Islamic Extremism is being pushed to the edges of this map. Consider the changing and rather ironic dynamics here.

For all the animosity built up on the Iran- Iraq war and before, the degree of social isolation in Iraq because of Saddam, was actually a boon… a protectant against the influence of the rest of the world, from the point of view of the Iranian regime.  Similarly, Afghanistan, run as it was by the thugs, also provided Iran with Isolation they couldn’t have purchased with any price of arms or money.

That’s important for this reason: Have you ever seen a dictatorship where isolation wasn’t part of the mixture that made it possible? I’ve suggested in the past that this was part of the reason for going into Iraq in the first place; to start that ball rolling. The momentum of history has changed as a result of that act of Bush in Iraq. It has spread to Iran, now, and best the Iranian regime can hope for is to delay it for a while, regardless of how this situation works out in the shorter term.

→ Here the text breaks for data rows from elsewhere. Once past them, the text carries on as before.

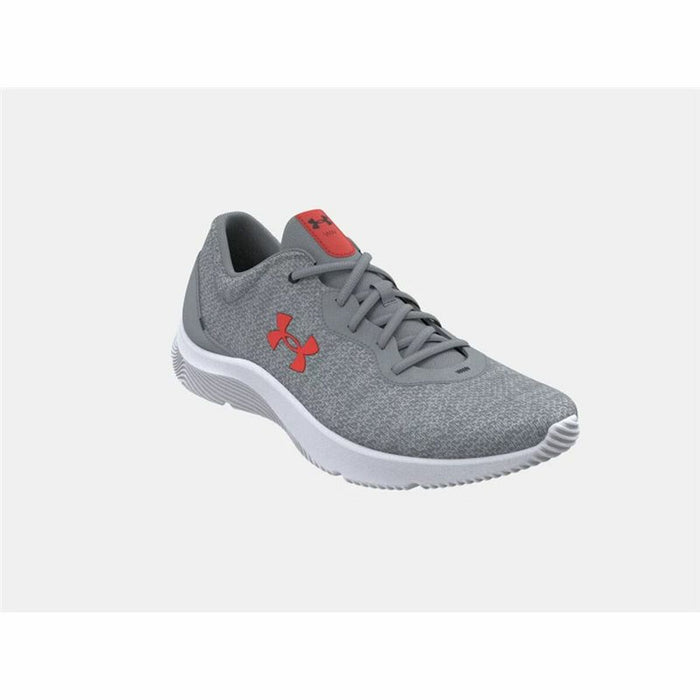 Men's Under Armour Mojo 2 Running Shoes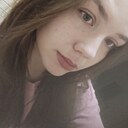 Анатольевна, 21 год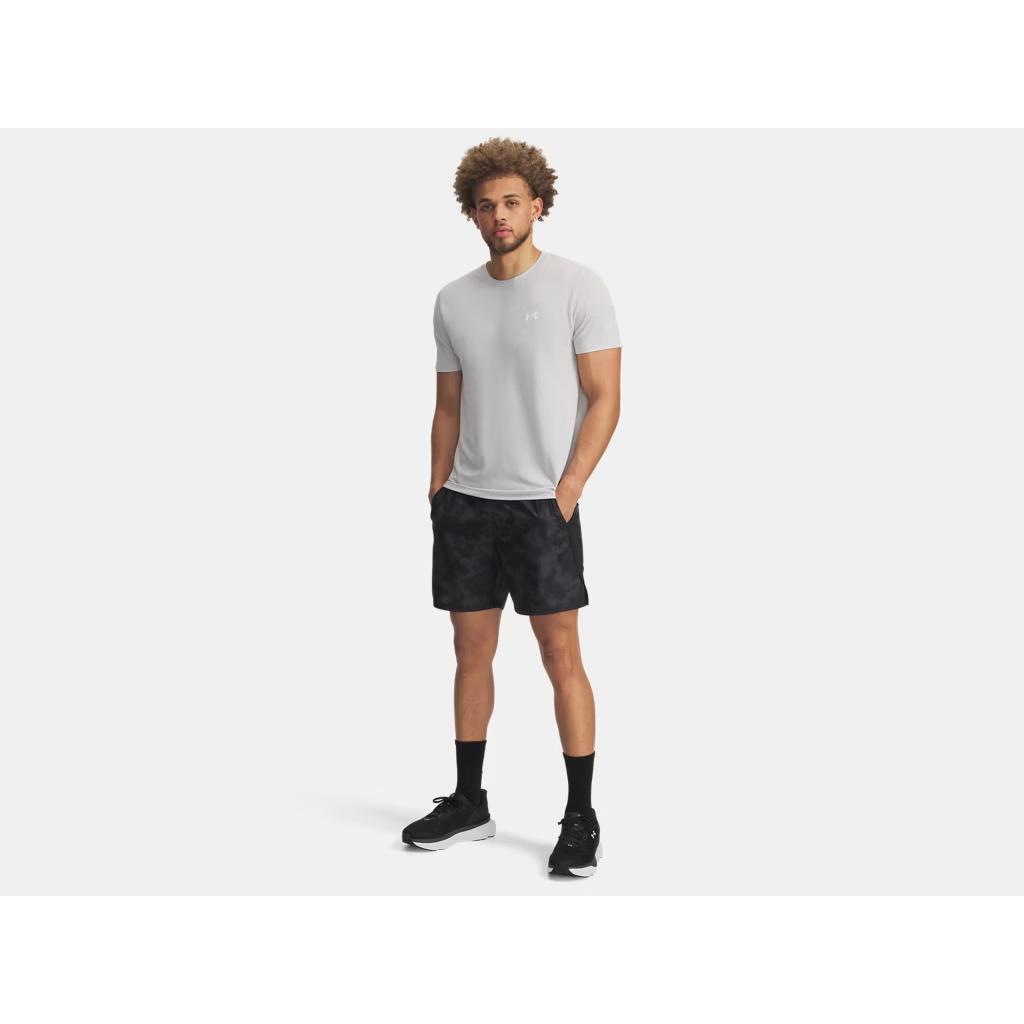 product/u/n/under-armour_1382621-016_anthracite-black-reflective_4.jpg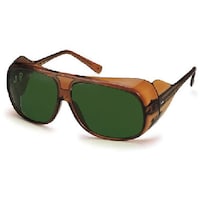 �x�`�l�`�l�n�s�n�@���^�Ռ��߂��ˁ@�Ռ��x���S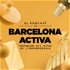 El Podcast de Barcelona Activa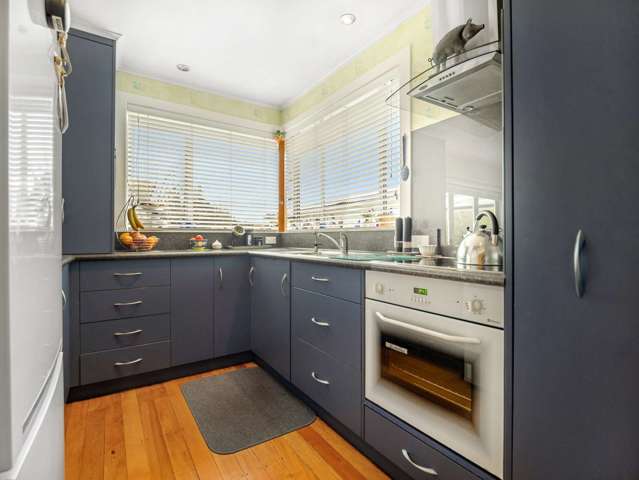 73 Golf Road Taumarunui_4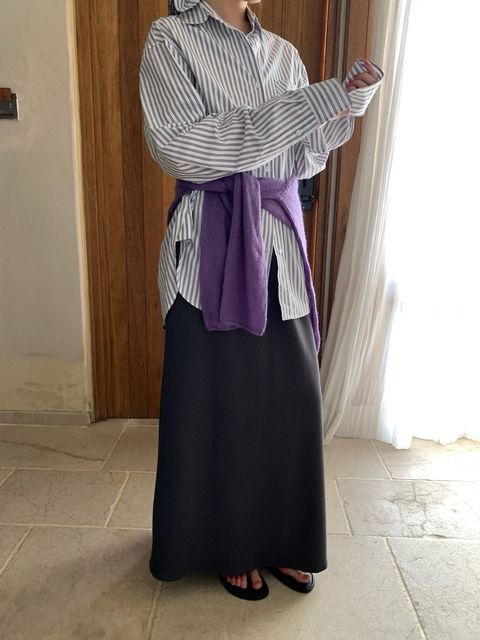 f4ac7cab45dc3d3c07306ee6bd04b918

The genie is out of the bottle, now.

Word about what is possible under a greater degree of individual freedom is hardly information that will be passed between the Iran Iraq and Afghanistan that existed as little as a decade ago.  Pakistan, now finds itself in a  fight for it’s life with the extremists, but it does seem one they’ll win.  Syria, on the other end of this map,  is now isolated from other extremist states,and will be increasingly unable to aid the cause of the extremists in any significant way. Eventually the pressure there will build to the point where it has in Iran, and freedom will take root there, as well.

As The Doctor says:

It would mark a decisive blow to Islamist radicalism, of which Iran today is not just standard-bearer and model, but financier and arms supplier. It would do to Islamism what the collapse of the Soviet Union did to communism — leave it forever spent and discredited.

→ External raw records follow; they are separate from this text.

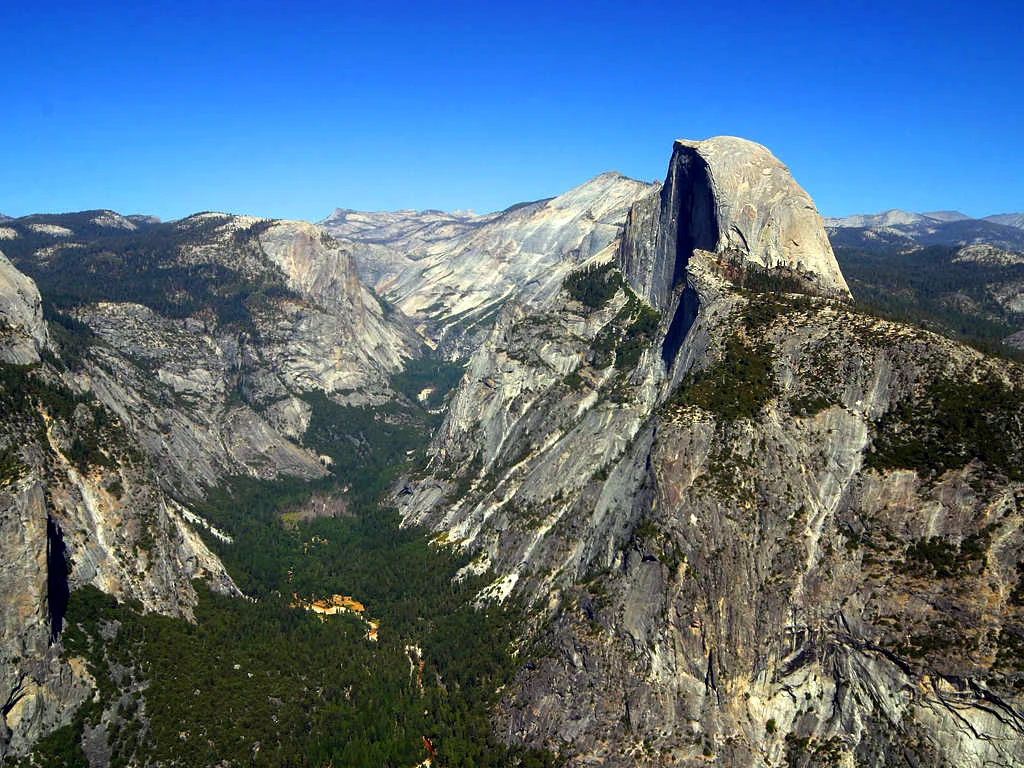 America the Beautiful®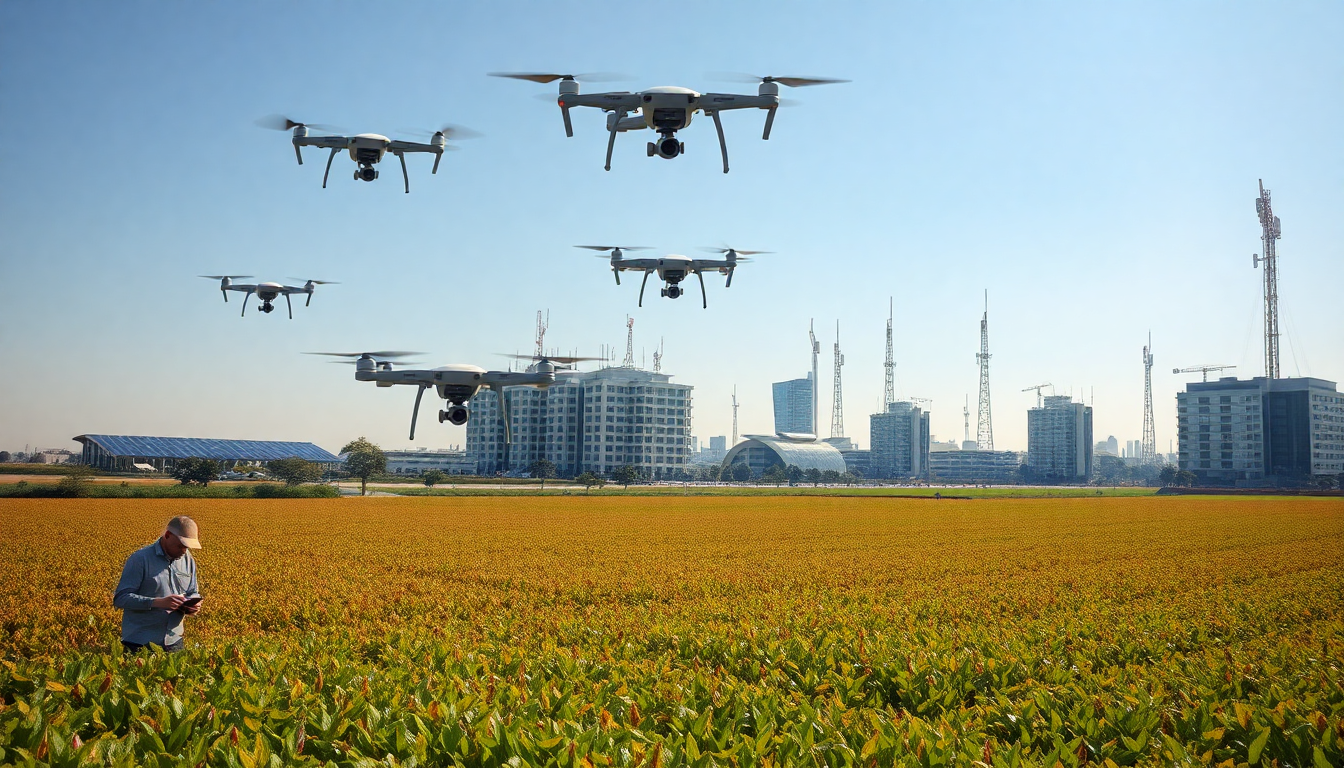 exploring the landscape of advanced technology markets 1749159532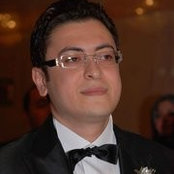 Maged Zagowさんの写真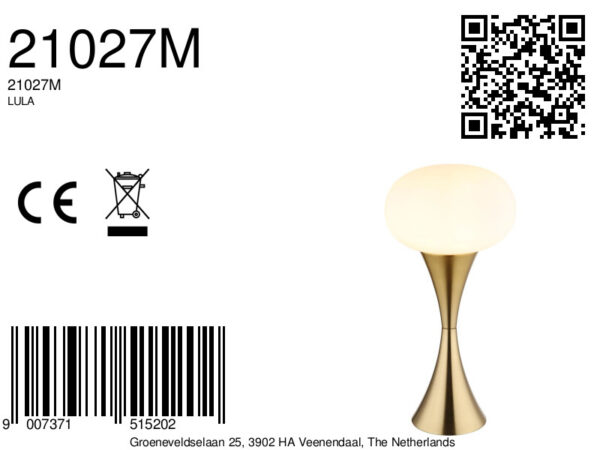 globo-tafellamp-lula-brons-metaal-ø18cm-e14-21027m-8a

In the region, it would launch a second Arab spring. The first in 2005 — the expulsion of Syria from Lebanon, the first elections in Iraq and early liberalization in the Gulf states and Egypt — was aborted by a fierce counterattack from the forces of repression and reaction, led and funded by Iran.

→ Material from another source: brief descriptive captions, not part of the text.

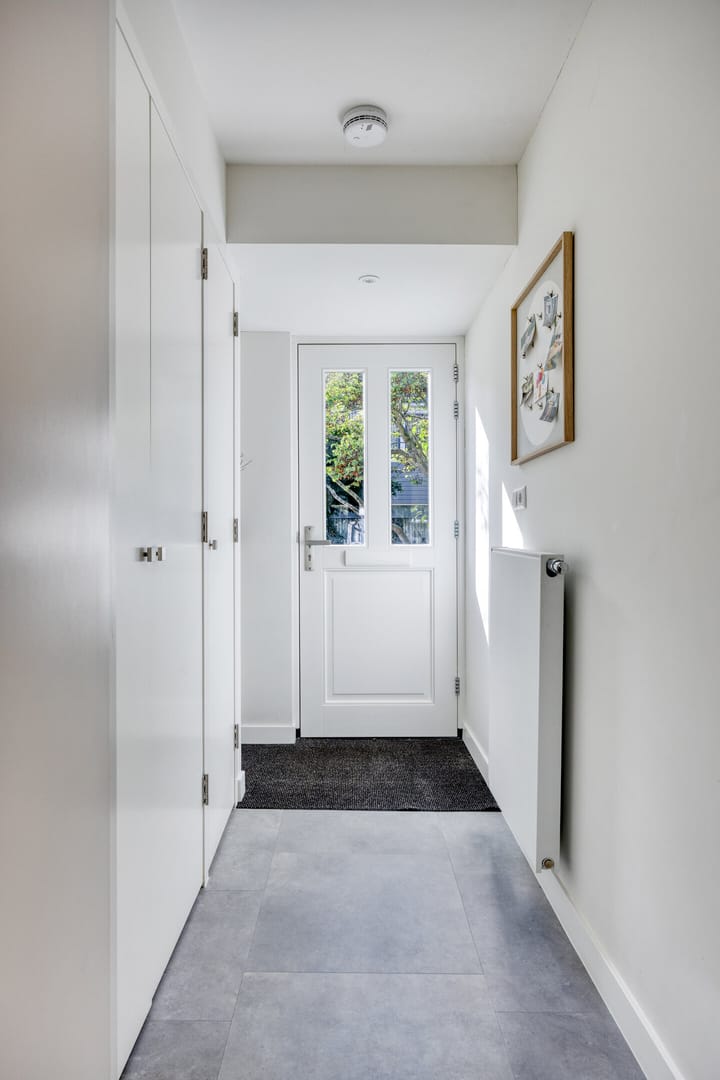 Foto 9 van Gerberahof 2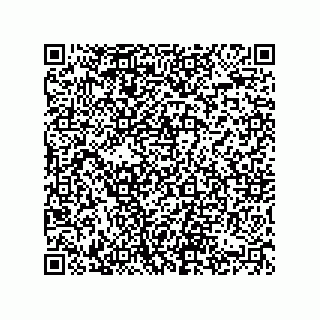 vCard 74822410052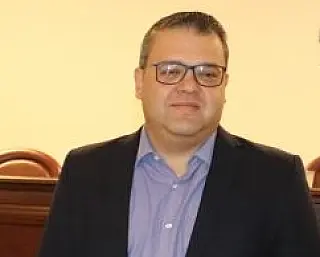 Alan pode rever sistema de trânsito em Dourados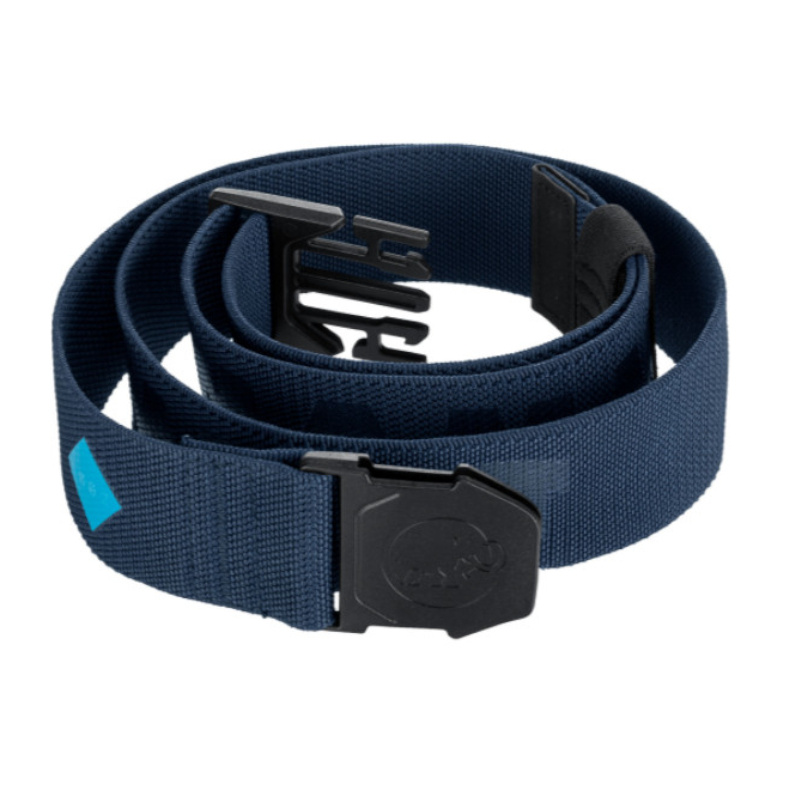 Mammut Alpine 腰帶 Mammut Alpine 腰帶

Now, with Hezbollah having lost elections in Lebanon and with Iraq establishing the institutions of a young democracy, the fall of the Islamist dictatorship in Iran would have an electric and contagious effect. The exception — Iraq and Lebanon — becomes the rule. Democracy becomes the wave. Syria becomes isolated; Hezbollah and Hamas, patronless. The entire trajectory of the region is reversed.

Go and read the article for his full comments.

Meanwhile, back here, in the states, we have what passes for a leader under the name of Obama. As I said in last night’s Ramble… Obama’s choice to remain near silent in all of this will cost a lot of Iranian lives on the way to that freedom, however. Thus the question for us as a nation, is how we will be remembered by the Iranian people and indeed the rest of the world, once that shift to freedom takes place. As it stands now, I can’t see it being the world’s perception of us not supporting freedom in this case, being a good one. They’ll remember an entire generation of Iranian freedom fighters getting washed away by these thugs… while, under what passes for leadership by Obama, we stood by and refused to help.

And at the risk of seeming petty, there’s another issue that I’ll broach and leave hanging, not having fully thought it through;

What does it mean to all of Obama’s anti-Bush rhetoric when by virtue of Bush’s actions Democracy inexorably spreads through the region as now looks to me to be the case? Is it too much to suggest that Obama may actually want this revolution… and that in reality is what it is… to fail so as to prevent the hated BUUUSSSHHHHH from looking… Obama rhetoric not withstanding… like he had it correctly all along? What possible reason might Obama have for wanting to see the Middle East’s bid democracy fail, or at least minimize the connection to the actions of  George Bush?